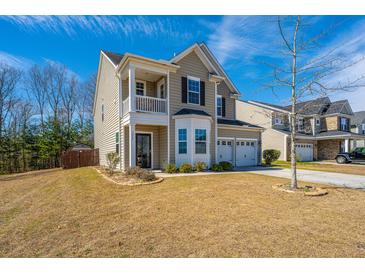 Charming two-story home featuring a covered porch, two-car garage, and well-maintained lawn at 1273 Discovery Dr, Ladson, SC 29456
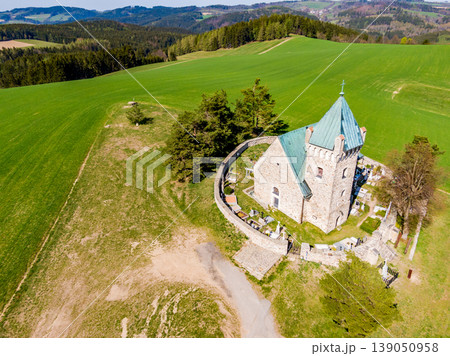 Aerial view of St Michael chapel in czech republic. Chapel is one of the oldest church in country. Fresh agriculture land with small village in background. Beautiful stone religion building, heritage. Aerial view of St Michael chapel in czech republic. Chapel is one of the oldest church in country. Fresh agriculture land with small village in background. Beautiful stone religion building, heritage. 139050958
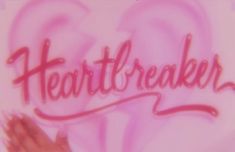 the word heartbreakerer written in pink ink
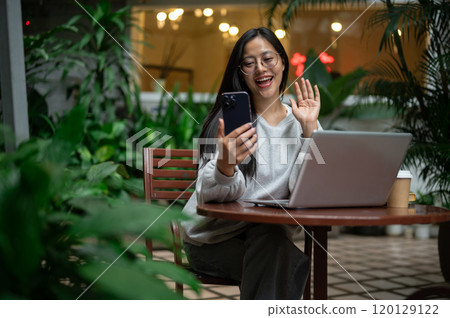 Happy Asian woman is talking on a video call on her phone while working remotely from a coffee shop. 120129122
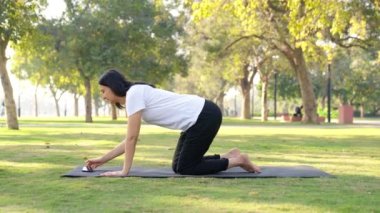 Indian girl learning yoga from Internet in a park in morning time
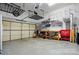 Organized garage featuring overhead storage racks, shelving, and a workbench to maximize space and functionality at 17130 Bridgeton Ln, Huntersville, NC 28078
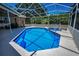 Gorgeous pool and spa in screened enclosure with lush landscaping at 1516 E Lake Woodlands Pkwy, Oldsmar, FL 34677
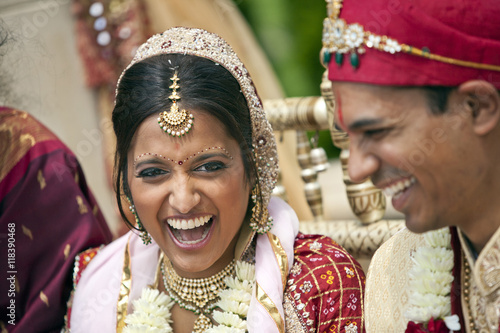Indian bride and groom in traditional clothing photo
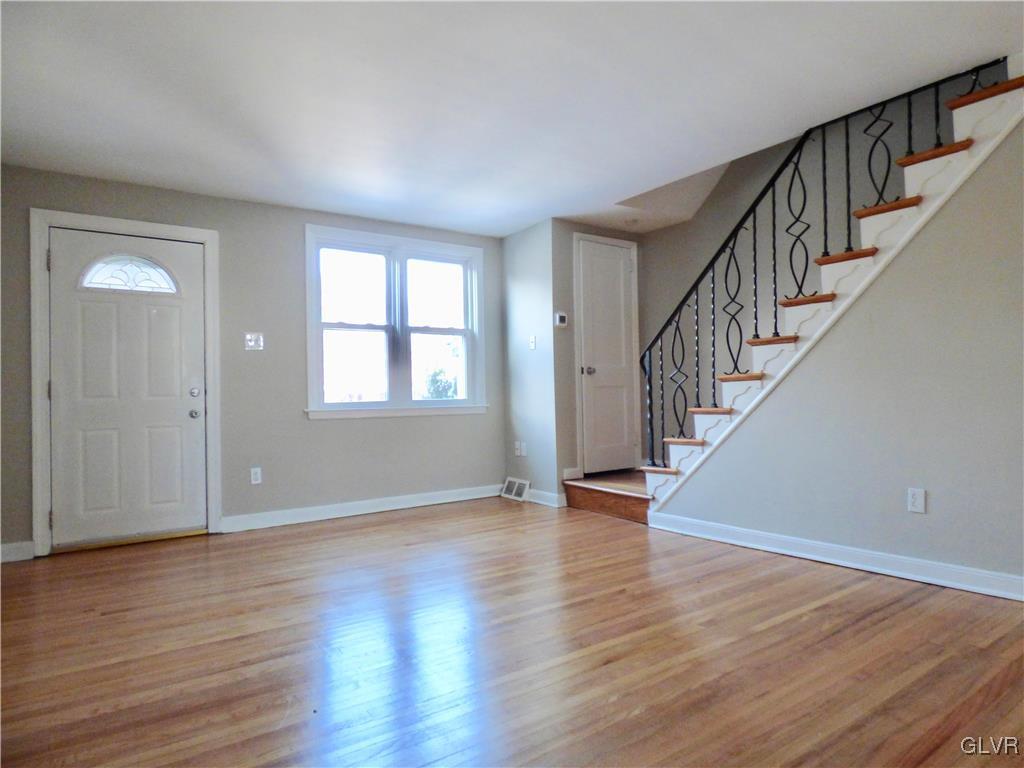 1925 South Delaware Street Allentown, PA 18103 - Photo 4 of 16 a view of an empty room with wooden floor and stairs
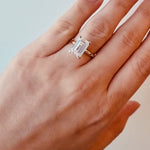 Gold ring with a lab diamond on a hand on a white background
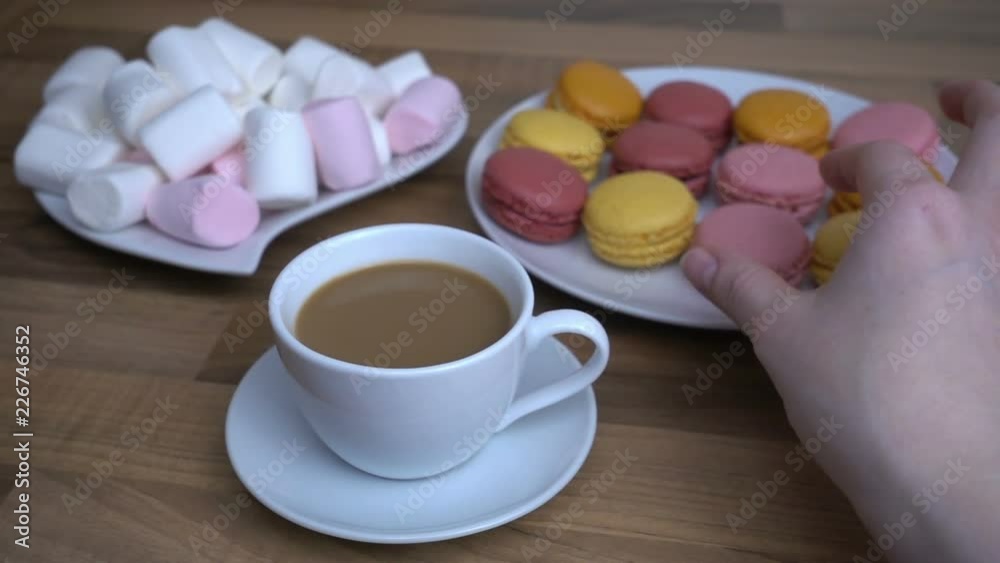 Coffee time with macaroons and marshmallows in super slow motion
--- --- ---
Exercise objective: Repeat the data above in full and exactly. Omit every image.

Task solution:
 Charming two-story home featuring a covered porch, two-car garage, and well-maintained lawn at 1273 Discovery Dr, Ladson, SC 29456
 Aerial view of St Michael chapel in czech republic. Chapel is one of the oldest church in country. Fresh agriculture land with small village in background. Beautiful stone religion building, heritage. Aerial view of St Michael chapel in czech republic. Chapel is one of the oldest church in country. Fresh agriculture land with small village in background. Beautiful stone religion building, heritage. 139050958
 the word heartbreakerer written in pink ink
 Happy Asian woman is talking on a video call on her phone while working remotely from a coffee shop. 120129122
 Indian girl learning yoga from Internet in a park in morning time
 Organized garage featuring overhead storage racks, shelving, and a workbench to maximize space and functionality at 17130 Bridgeton Ln, Huntersville, NC 28078
 Gorgeous pool and spa in screened enclosure with lush landscaping at 1516 E Lake Woodlands Pkwy, Oldsmar, FL 34677
Indian bride and groom in traditional clothing photo
 1925 South Delaware Street Allentown, PA 18103 - Photo 4 of 16 a view of an empty room with wooden floor and stairs
 Gold ring with a lab diamond on a hand on a white background
 Coffee time with macaroons and marshmallows in super slow motion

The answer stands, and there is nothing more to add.